#### bagofwater

##### New member

"For each corresponding test, the L1 loss is computed between the target and actual outputs produced by the deep learning models."

Ideally, when computing error of a [rounded] result (whatever metric you like), it should be compared to an exact result, not to a result that could have similar [rounding] errors. That usually isn't feasible, but just comparing to the result that should have significantly smaller rounding errors (to exact) than the actual outputs is likely good enough.

Results (forward-pass/inference) from training also have error. Even with IEEE-754 compliance, using the same types going from one platform to another can result in differences. Section 11 of IEEE-754-2019 talks about reproducibility and typically is not feasible across platforms for ML operations. The main problem is that addition isn't associative - dot-products/summations (from matrix-multiply or convolutional layer) results are sensitive to order/grouping.

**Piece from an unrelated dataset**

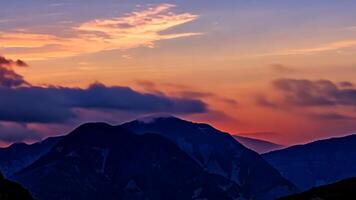 Scenic sunset over the mountain peaks and summit with colorful magenta and orange clouds photo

For <=16-bit inference, I suggest producing reference results that use at least FP32 intermediates/outputs. And if you are trying to determine error from FP32 inference, you'd need FP64 as a reference. Training could still happen in FP16, but a final inference using more accurate FP32 would be best. Maybe FP16 reference is good enough for int8, but FP16 only has 11 bits of precision for unsigned data so it may be only marginally more accurate.

If FP16 references are used, maybe this is only a problem FP16 inference?